Avversari in campo con le maglie di Heat e Lakers, contendenti individuali al prestigioso premio di MVP nel corso del primo decennio del nuovo millennio, grandi professionisti capaci di rispettarsi e motivarsi a vicenda, nonché compagni di nazionale durante le Olimpiadi di Pechino 2008, con l’obbligo tecnico e morale di riportare la medaglia d’oro a Washington dopo 8 anni di assenza dal gradino più alto del podio. Dwyane Wade e Kobe Bryant hanno lasciato tracce indelebili nel panorama cestistico mondiale, riscrivendo la definizione del ruolo di “guardia”.
Recentemente D-Wade ha parlato della realizzazione di un possibile documentario che rinnovi la memoria della nazionale americana di pallacanestro più celebre dai tempi del Dream Team di Barcellona 1992, cogliendo l’occasione per parlare dei momenti passati in ritiro con i compagni. Cita l’esplosività dei giovani LeBron James e Dwight Howard, la visione di gioco di Chris Paul e Jason Kidd, la professionalità di Carlos Boozer e Tayshaun Prince, per poi concludere con l’ossessione, il perfezionismo e la mentalità del Mamba, al quale riconosce una sorta di ruolo di maestro, tecnico e motivazionale.
Il particolare che lo colpì maggiormente di Kobe Bryant, fresco MVP di quella stagione nemmeno così irripetibile, a detta dello stesso 24, fu la capacità di relazionarsi con tutti gli esterni alla nazionale (avversari, tifosi, giornalisti) durante le tappe della preparazione e poi anche in Cina.

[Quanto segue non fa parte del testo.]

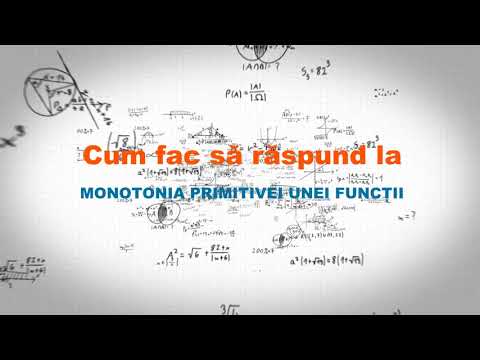 Monotonia primitivei unei funcții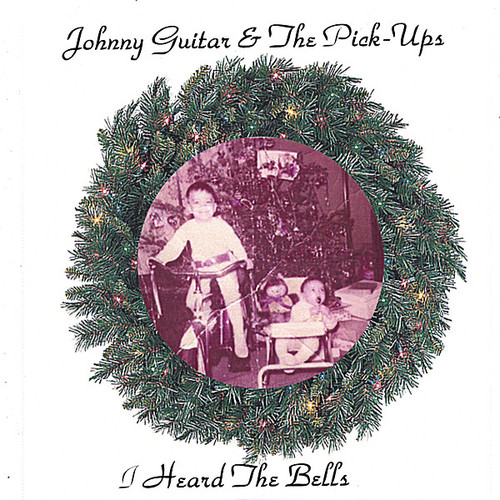 JOHNNY GUITAR & THE PICK UPS - I Heard the Bells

Wade, sorpreso non dalla fama del giocatore, ma desideroso di imparare dalla caratura dell’uomo, si è espresso così:
“Ovunque fossimo, c’era sempre grande folla intorno a lui… Era letteralmente in grado di comunicare con tutti nella loro lingua di origine. Per me la scelta migliore consisteva nel sedersi da parte, ammirare ed imparare.”